The City & The City takes place in the cities of Besźel and Ul Qoma. What makes them interesting is that the two cities occupy the same geographic space. And occasionally, in spaces known as cross hatches, they occupy the same physical space. Citizens of the two cities must ‘unsee’ each other, as you can only legally see and interact with things from your own city. To go to the other city, you must obtain a passport and special permission. Cars drive down a street one direction in Besźel, cross over into the other city, and drive back down the street but in Ul Qoma.

This unique characteristic of the paired cities becomes a decided problem for Inspector Tyador Borlú, who is investigating a murder. Shortly into the investigation, it becomes clear that the person was killed in Ul Qoma, but the body was dumped in Besźel. Borlú must now navigate the both cities without breaking international laws.

It is a testament to Miéville’s skill that I had a quick thought to research these cities online to learn more about them. This is hardly unusual for Miéville, as each of his novels features a setting, often a city, that is made wholly from the cloth of Miéville’s brain, and yet is so fully realized that the setting becomes another character in the novel.

Much like Jack O’Connell's work, Miéville’s benefits from having a setting with so much depth to it. As much as character to character interaction drives the plot in The City & The City, Besźel and Ul Qoma control everyone’s decisions. Borlú and his co-investigators are continually stymied by things being in Ul Qoma instead of their native Besźel. And it’s not just the fact that the settings share a strange topography; each city is complete: there are political organizations, fashions, car styles, dialects, television stations, and more and more.

And yet, despite all this, as it is every time I get further into a Miéville novel, I begin to wonder if all this build-up will pan out in the end. I’ve had a series of disappointments reading his novels where everything starts out great and builds and builds to a point where it felt like Miéville had written himself into a corner. I worried that this would happen again.

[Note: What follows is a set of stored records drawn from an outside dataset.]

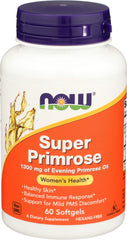 Now Foods Primrose Oil 1300mg bottle - 60 gels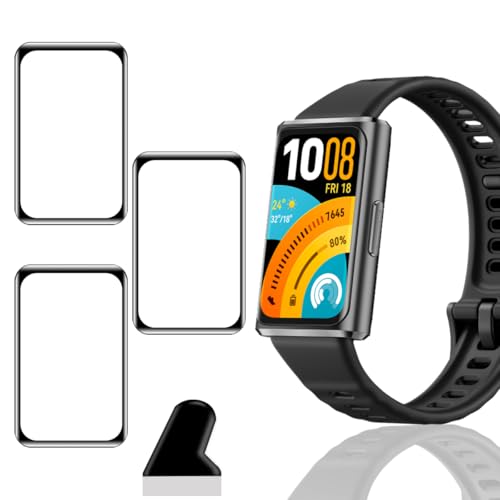 �y3���Z�b�g�z �Ή� Huawei Band 11 Pro �t�B���� 3�� PET������ �Y�f�@�� �����ߗ� �Ή� Huawei �X�}�[�g�o���h11 Pro �ی�t�B���� 3D�Ȗ� �J�o�[ �Ή� Huawei Band 11Pro �t���ی�t�B���� 24��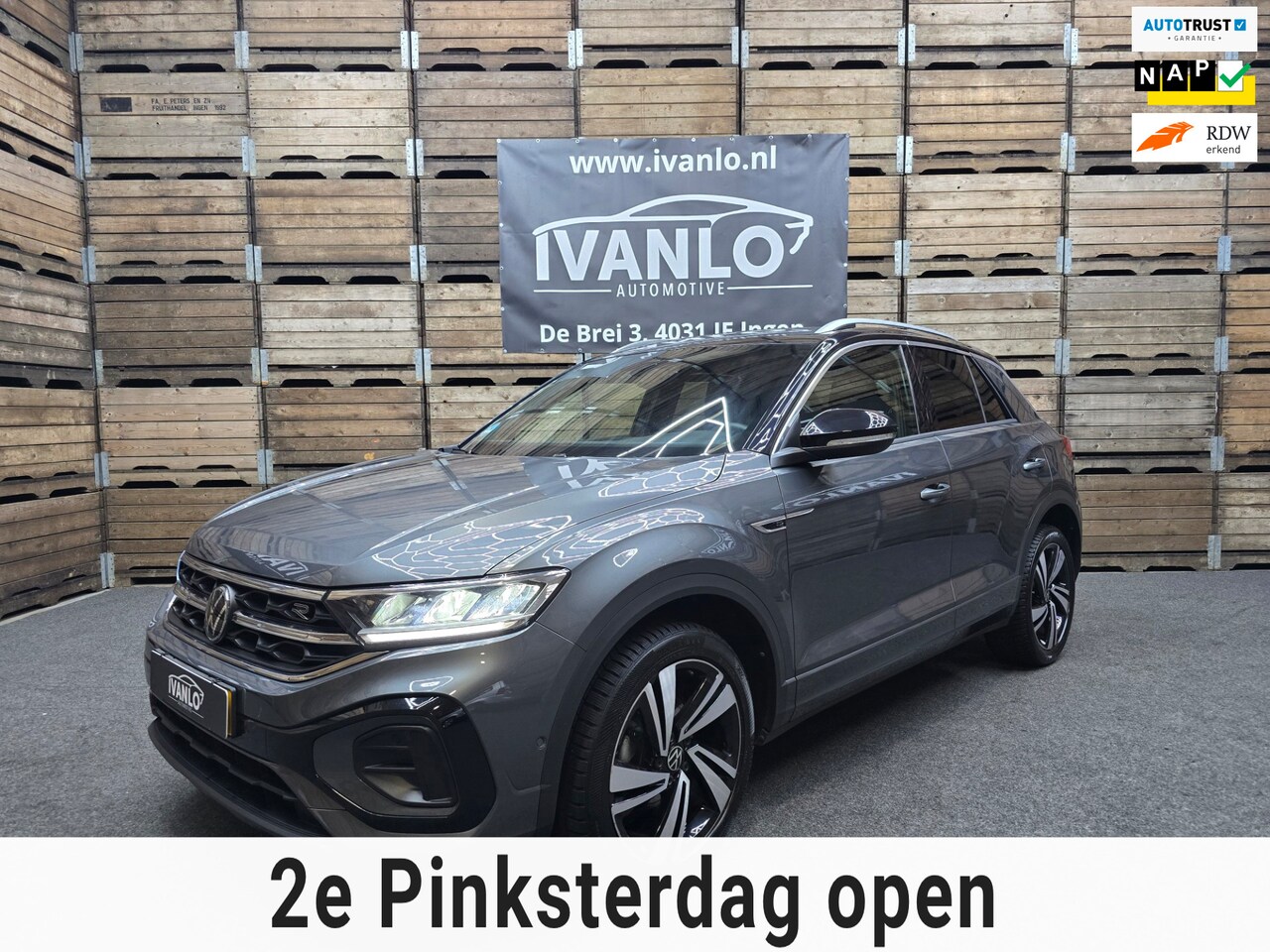 Volkswagen T-Roc - 1.0 TSI R-Line IQ Drive Pakket Navi LED Clima LM - AutoWereld.nl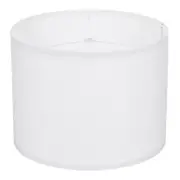 1Set Drum Lamp Shades for Table Lamps, 13"x13"x10" Linen Lampshade, White 1
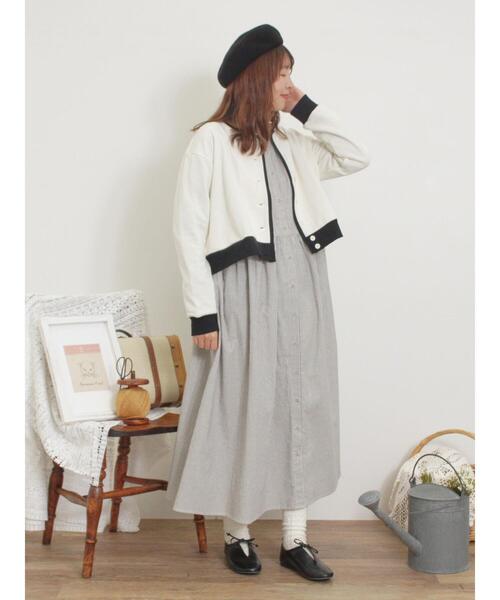 Samansa Mos2（サマンサ モスモス）の「◎配色スウェットカーディガン（カーディガン/ボレロ・レディース・レッド/グレー/キナリ/ブラック・F）」の19枚目の写真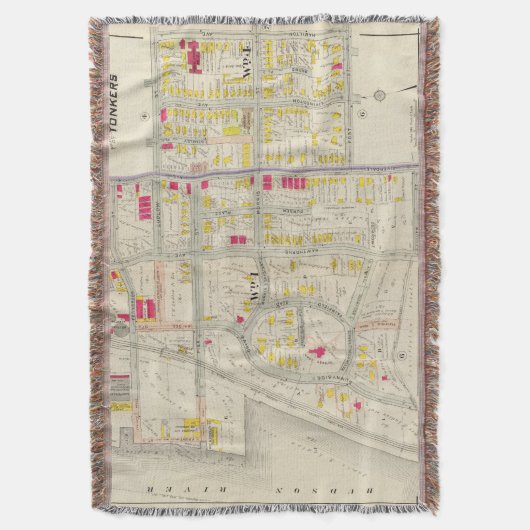 Yonkers Map Atlas Deken (Voorkant Verticaal)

It didn’t happen this time. The novel bucked and twisted, but Miéville brought it under reign with his strongest finish to date. The City & The City is not like any other Miéville novel you’ve read. It owes as much stylistically to Hammett and Palahniuk as his earlier work owed to Moorcock and Peake.

Prepare to be surprised. Prepare to read your ass off.

Steve Roby
1. Steve Roby
Damn, it's nice to see a Jack O'Connell reference. Just wish the guy would write more often, though at least I haven't read The Resurrectionist yet.

Oh, yeah, Mieville... I expect I'll be reading that, too.
Andrew Gray
2. madogvelkor
Sounds like Baarle-Hertog/Baarle-Nassau:
Tikitu de Jager
3. tikitu
How about a big prominent spoiler alert at the top of that post? I know it's generally understood around here, but my feeling is this book deserves it more than most.

I just finished it, and I would add one particular point of praise to the above. The setup of the two cities is deeply weird and is the core of the book. Miéville manages to avoid ever info-dumping about it: he piles up the incongruities and sidelong references and more explicit references until you get the picture, but there's never a moment that he tells you: this is how it works. That's nicely done.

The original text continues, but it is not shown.